Accompanying commentary has solved mysteries, identified people and places, recounted folktales, stirred long forgotten memories, explained rural legends, extended family trees. We’ve been able to visit our friends and revisit our families here, our departed grandparents, and parents, with people remembering them with dear, dear memories.

Contributors have written brief biographies through the lens of their connections to Hampton. People whose roots are here, whose ancestors’ roots are here, people who discovered roots here, set down roots here, and people who were here briefly, yet still call this place “home”. As John Osborn wrote, “It doesn’t matter that we are spread out across the country. We still see ourselves as neighbors.”

Everyone is welcome to join Hampton Remembers the 2nd Half of the 20th Century. And a new edition of Alison Davis’ original “Hampton Remembers” is available by contacting markmdavis@yahoo.com.

 

Recipe of the Month: Hampton Burgers

Members of “Hampton Remembers the 2nd Half of the 20th Century” remembered the Consolidated School with questions like – who was your favorite teacher – Mrs. Bingham and Mr. Paradise the favorites among many we recalled with affection. We also remembered a cafeteria that was a lot like grandma’s kitchen, and cooks like Sadie Fitzgerald and Mrs. Lee, who invented our all-time favorite lunch: Hampton Burgers.

Mrs.
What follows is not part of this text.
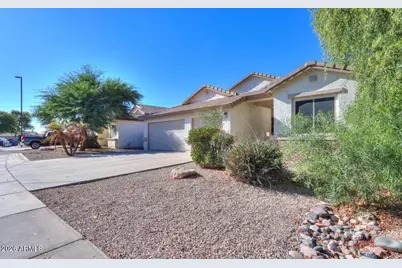 946 S Parkcrest Street, Gilbert, AZ 85296 - Photo 3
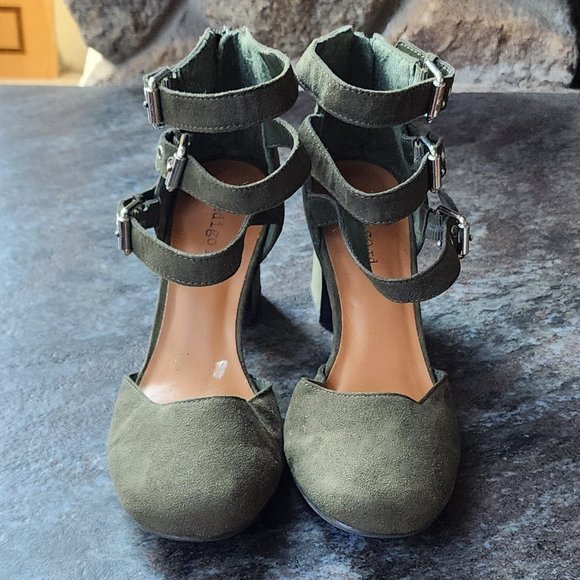Indigo RD. Green Faux Suede Back Zip Buckle Ankle Three Strap Block Heels 5.5M - Picture 9 of 16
Lee’s Hampton Burgers

  • Halve six (Thomas) English muffins and put them on a cookie sheet.
  • Lightly toast them under the broiler in the oven.
  • Mix about 1 1/2 lbs. ground beef with two whisked eggs and about 1/4 cup of milk which has added to them about 1/4 cup oatmeal (quick) or bread crumbs and any seasoning you like — oregano, pepper, fine herbs, etc.
  • Spread the muffins with this mixture — thicker on the edges for even cooking.
  • Broil to desired doneness, and then, if you like, top with onion (which could have been added to the original meat mixture too), sliced green peppers, mushrooms — whatever you like — then broil until done.
  • Lastly, top with any cheese you like — mozzarella, cheddar — then return Hampton Burgers to off/warm oven to melt the cheese.

Happy Memories of Hampton School Lunchtime!